• [INSTRUCTIONS FOR THE TASK]: Nothing should appear in the answer except the lines below from the line containing "Imatge del dispositiu" through the line containing "Bàn Mixer yamaha CT-12USB", copied exactly, with pictures left out.
-- MATERIAL PROVIDED follows --
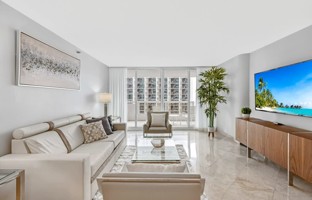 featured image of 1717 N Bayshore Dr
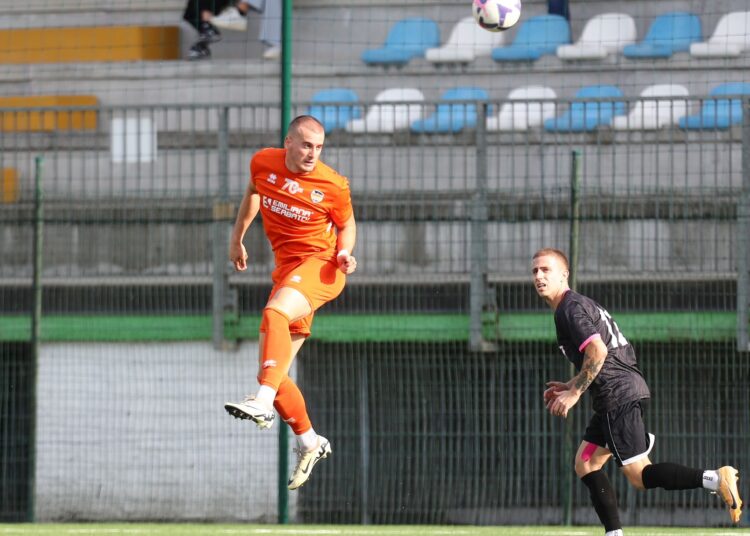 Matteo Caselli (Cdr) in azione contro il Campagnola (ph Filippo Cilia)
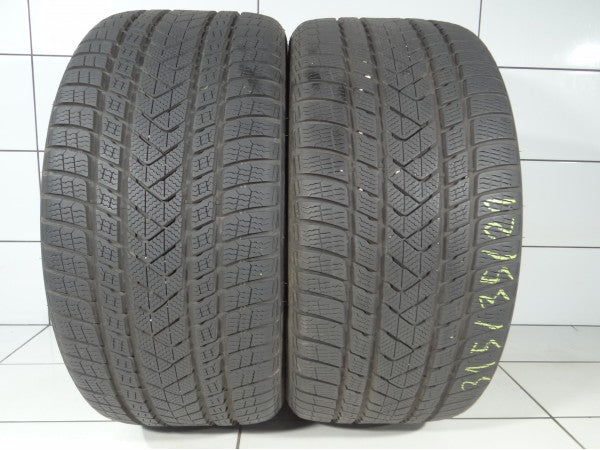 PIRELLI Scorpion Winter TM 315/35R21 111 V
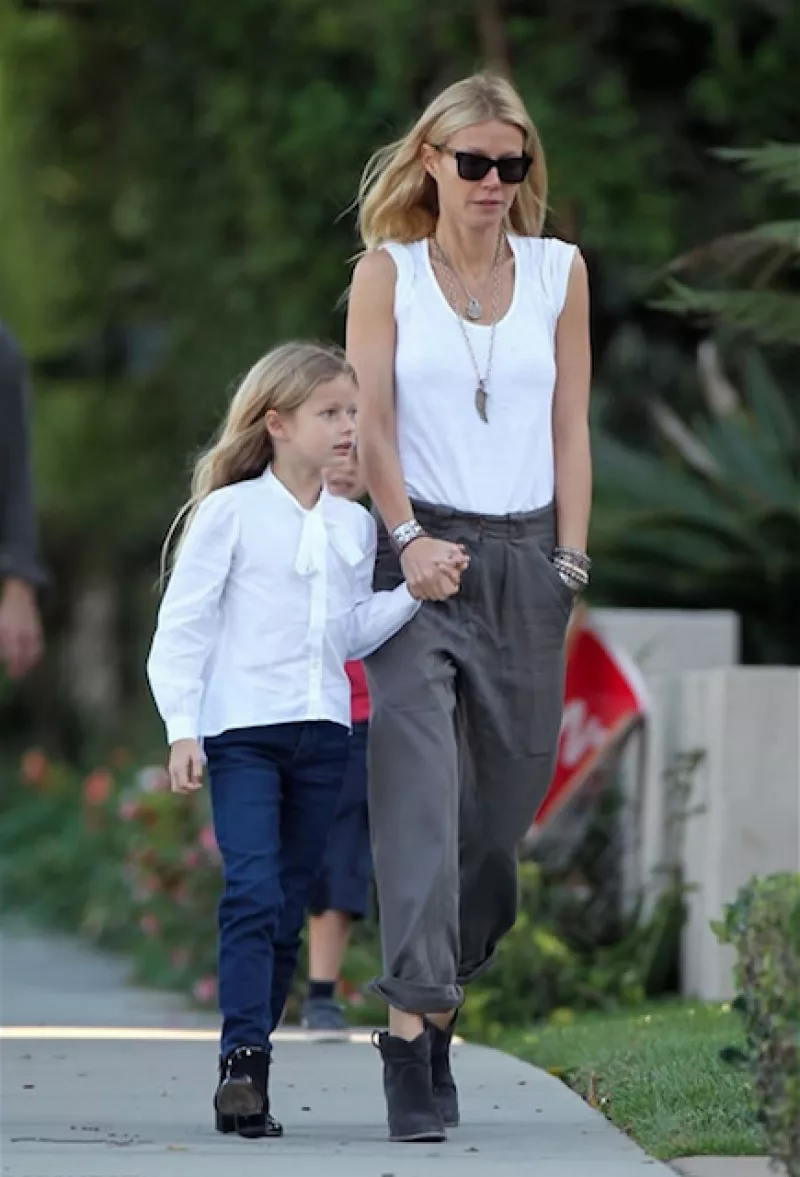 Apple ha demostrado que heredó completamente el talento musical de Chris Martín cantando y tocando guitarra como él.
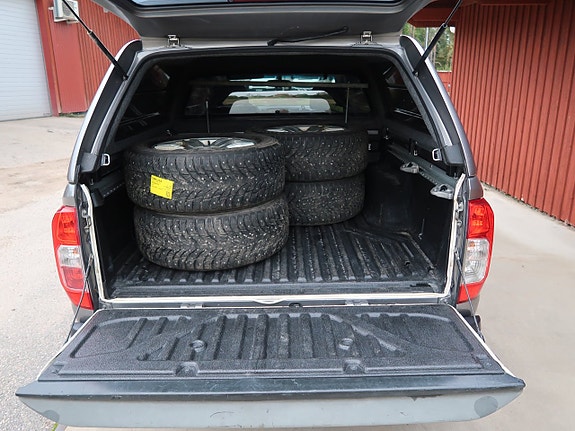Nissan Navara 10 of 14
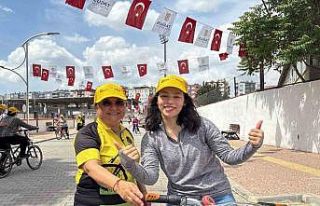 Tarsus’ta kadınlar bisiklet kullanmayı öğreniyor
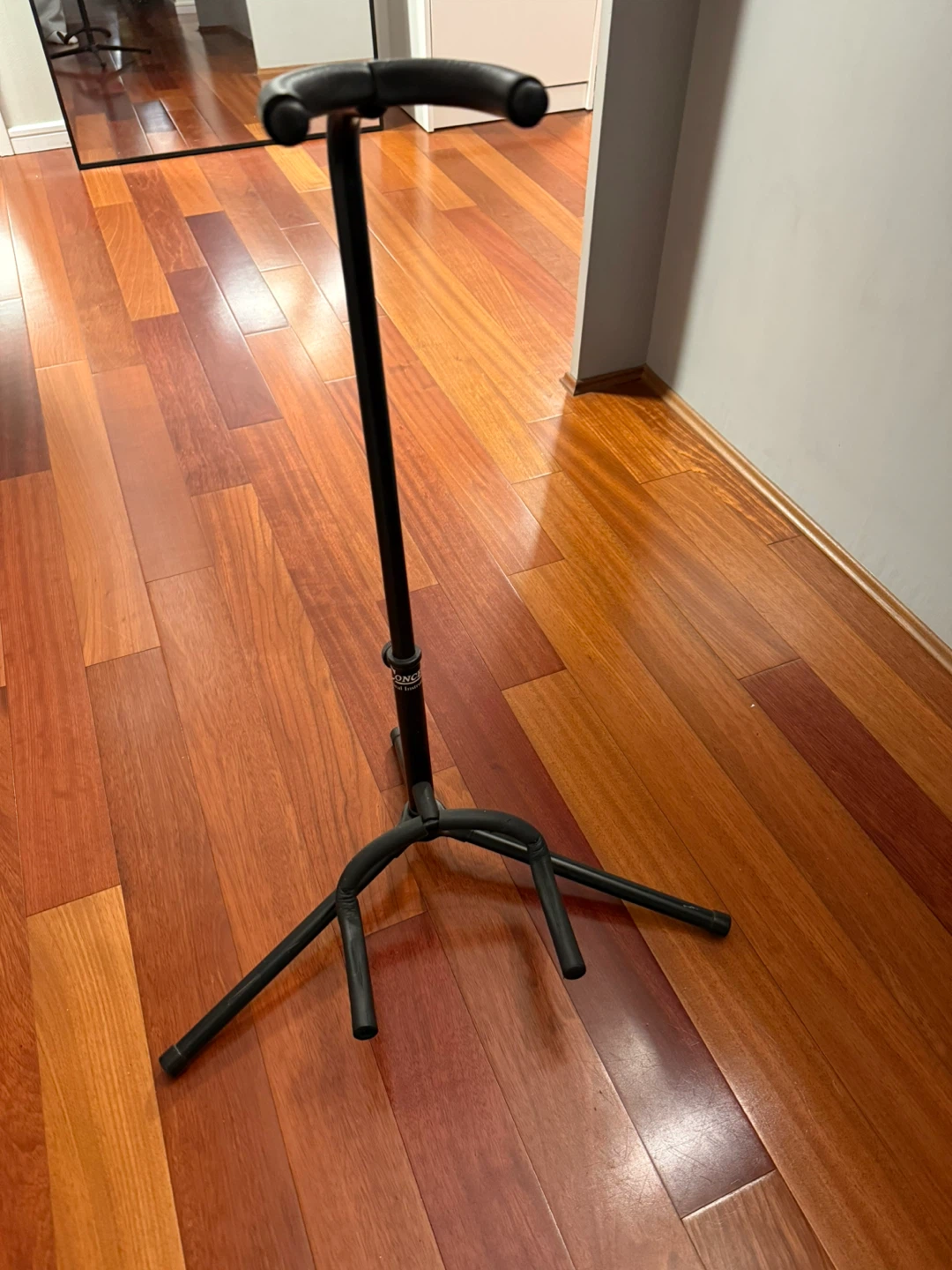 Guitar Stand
-- MATERIAL PROVIDED concluded --
-- MATERIAL PROVIDED follows --
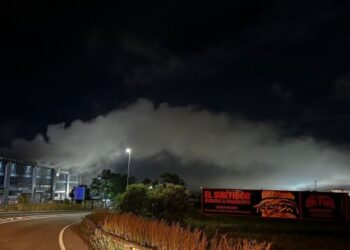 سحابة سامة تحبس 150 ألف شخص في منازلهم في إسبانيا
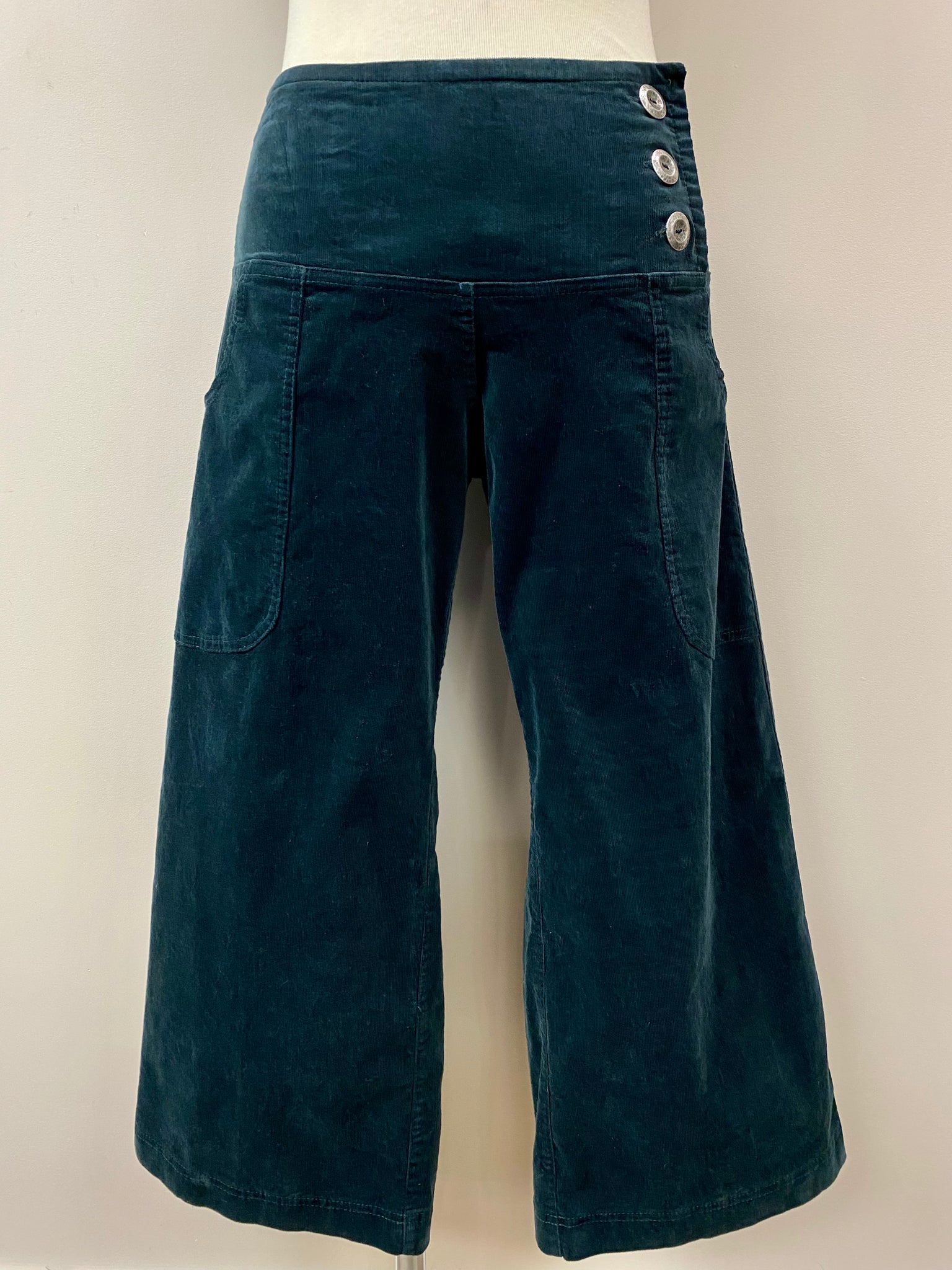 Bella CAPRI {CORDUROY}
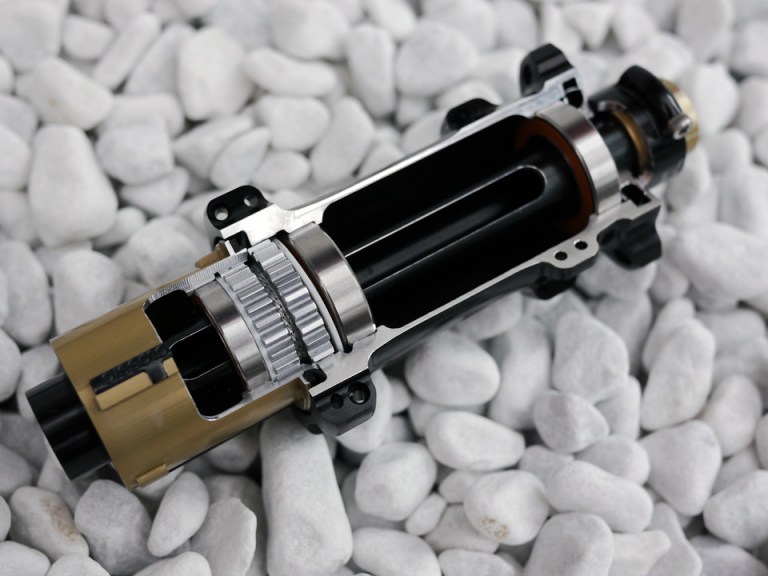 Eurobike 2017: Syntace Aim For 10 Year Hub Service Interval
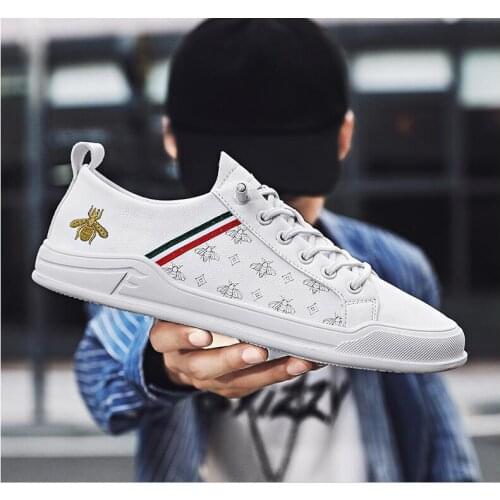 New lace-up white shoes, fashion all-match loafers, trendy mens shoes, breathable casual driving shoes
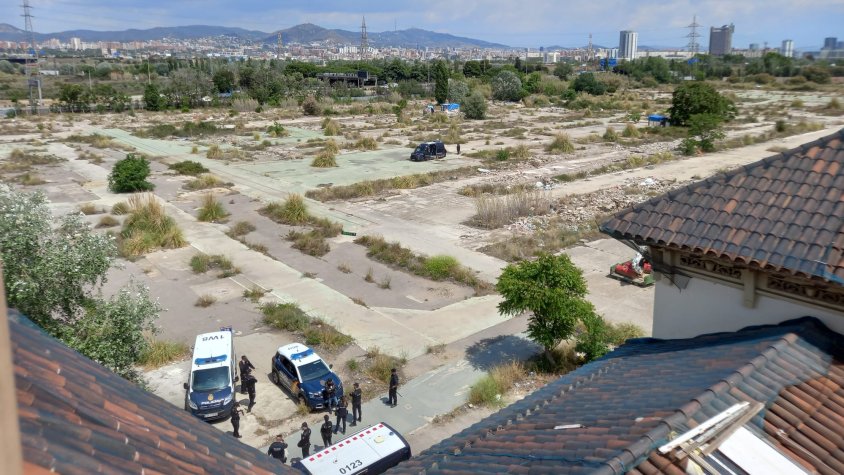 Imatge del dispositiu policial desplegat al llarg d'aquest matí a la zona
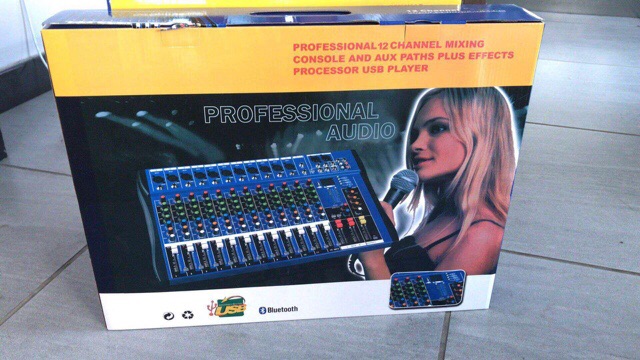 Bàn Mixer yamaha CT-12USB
-- MATERIAL PROVIDED concluded --
-- MATERIAL PROVIDED follows --
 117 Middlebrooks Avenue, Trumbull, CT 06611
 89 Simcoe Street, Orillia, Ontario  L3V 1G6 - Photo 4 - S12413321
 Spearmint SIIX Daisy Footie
-- MATERIAL PROVIDED concluded --
• [ANSWER AREA]:
 Imatge del dispositiu policial desplegat al llarg d'aquest matí a la zona
 Bàn Mixer yamaha CT-12USB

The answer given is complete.